(Scraped caption text data)
:::

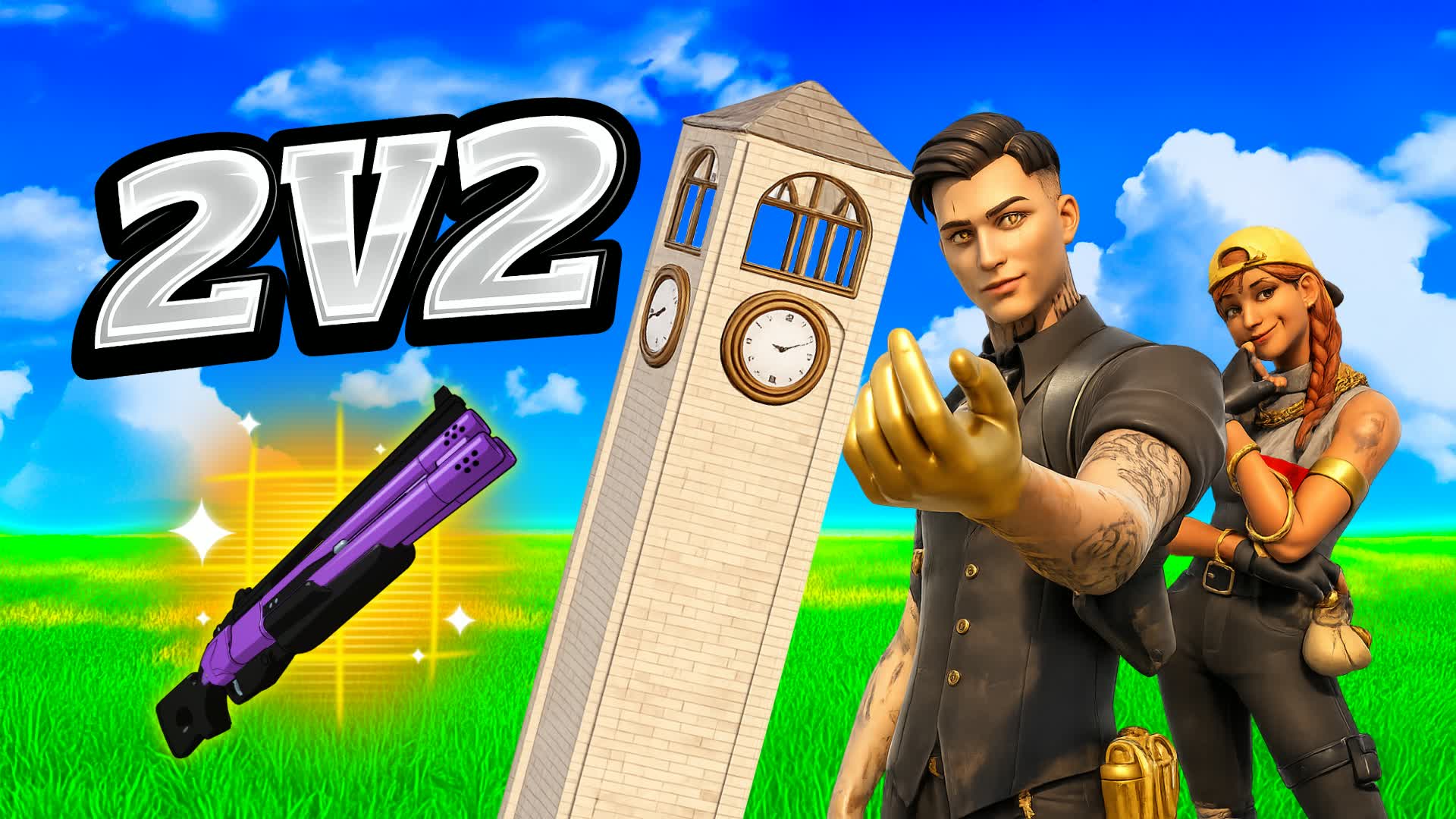 🔥MOKAM FINAL ZONE 2V2 — Fortnite Creative map
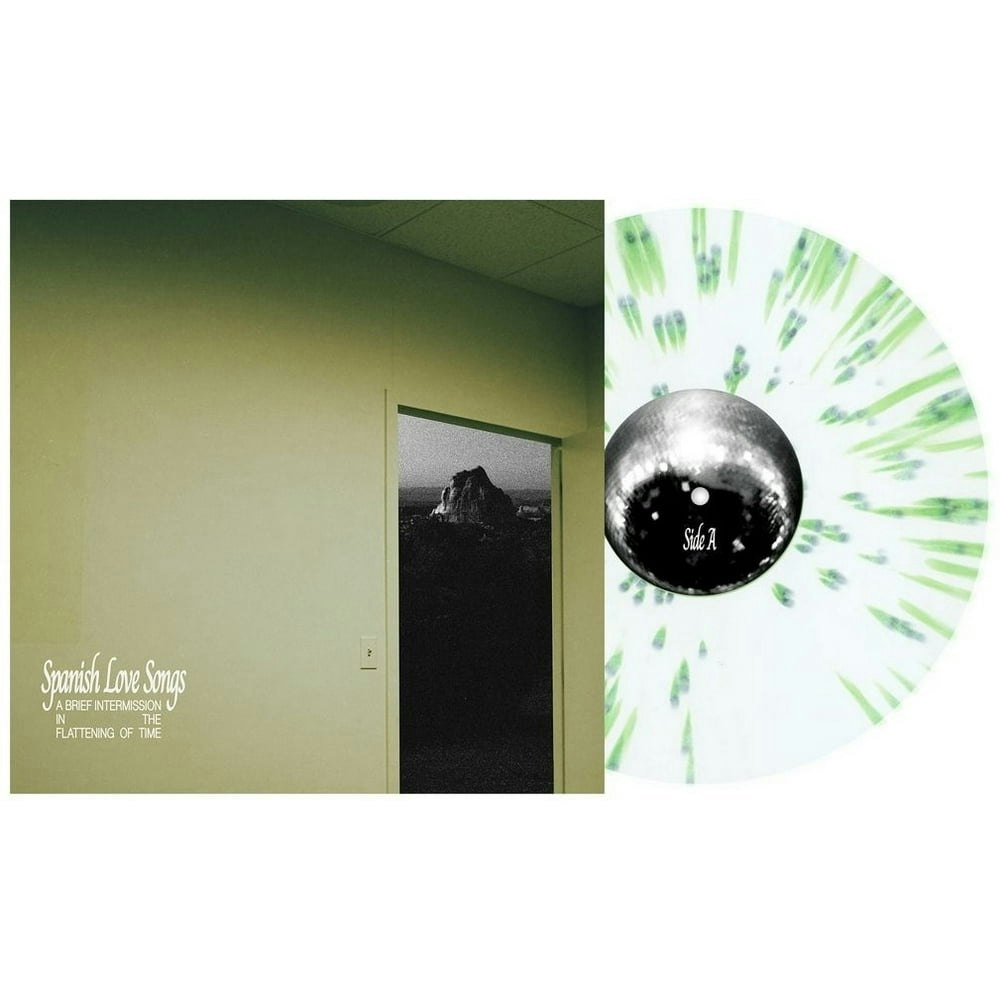 Spanish Love Songs A Brief Intermission In The Flattening Of Time Vinyl: $14.50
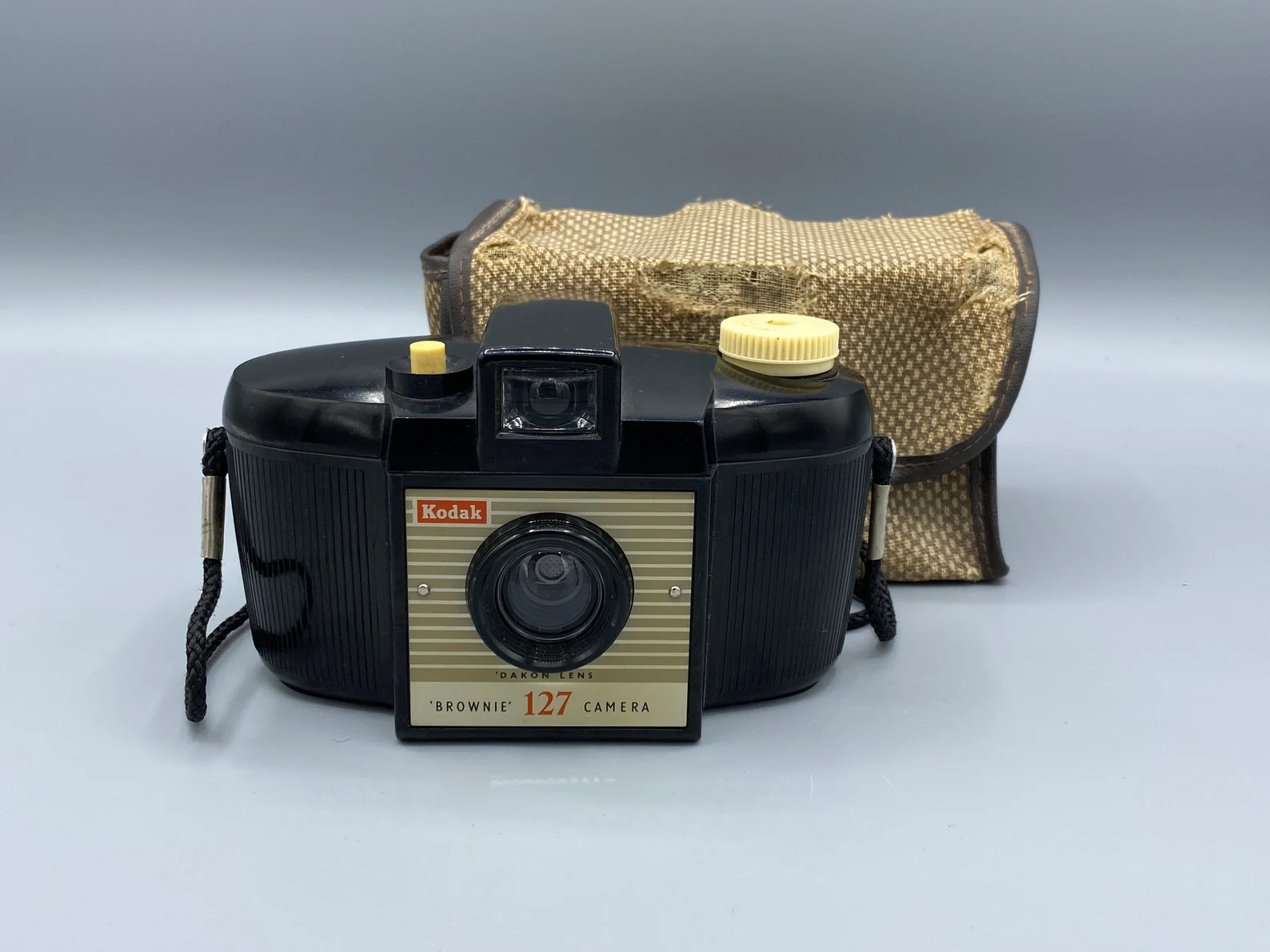 Kodak Brownie 127 roll film 1950s
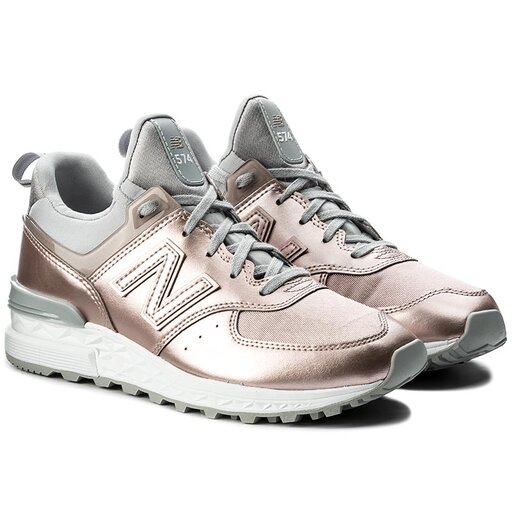 New balance 574 sport rose gold cheap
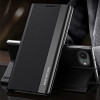 Hurtel Sleep Case Pro For Iphone 16e With Flip And Stand - Black - (Sleep Case Pro Iphone Se 2025 Black)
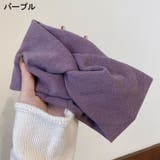 ヘアバンド ヘッドバンド レディース | PlusNao | 詳細画像12 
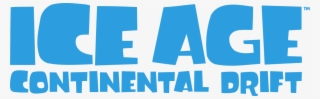 Ice Age Continental Drift Logo - Ice Age 3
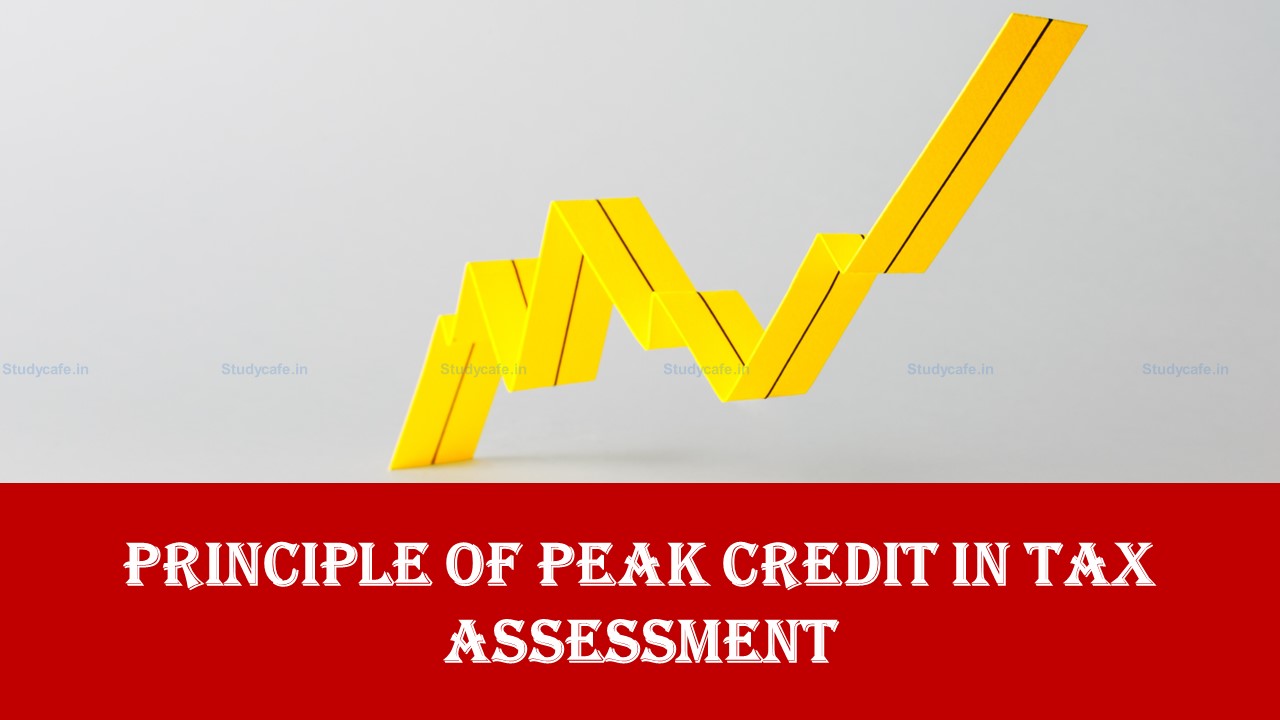 Entire Cash deposit cannot be treated as income without considering withdrawal: ITAT explains Principle of peak credit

:::

### What the task asks
Your reply must hold only the lines from the line containing "New balance 574 sport rose gold cheap" through the end of the records above, written out exactly, both ends included, with no pictures, please.

### Task output
 New balance 574 sport rose gold cheap
 Hurtel Sleep Case Pro For Iphone 16e With Flip And Stand - Black - (Sleep Case Pro Iphone Se 2025 Black)
 ヘアバンド ヘッドバンド レディース | PlusNao | 詳細画像12 
 Ice Age Continental Drift Logo - Ice Age 3
 Entire Cash deposit cannot be treated as income without considering withdrawal: ITAT explains Principle of peak credit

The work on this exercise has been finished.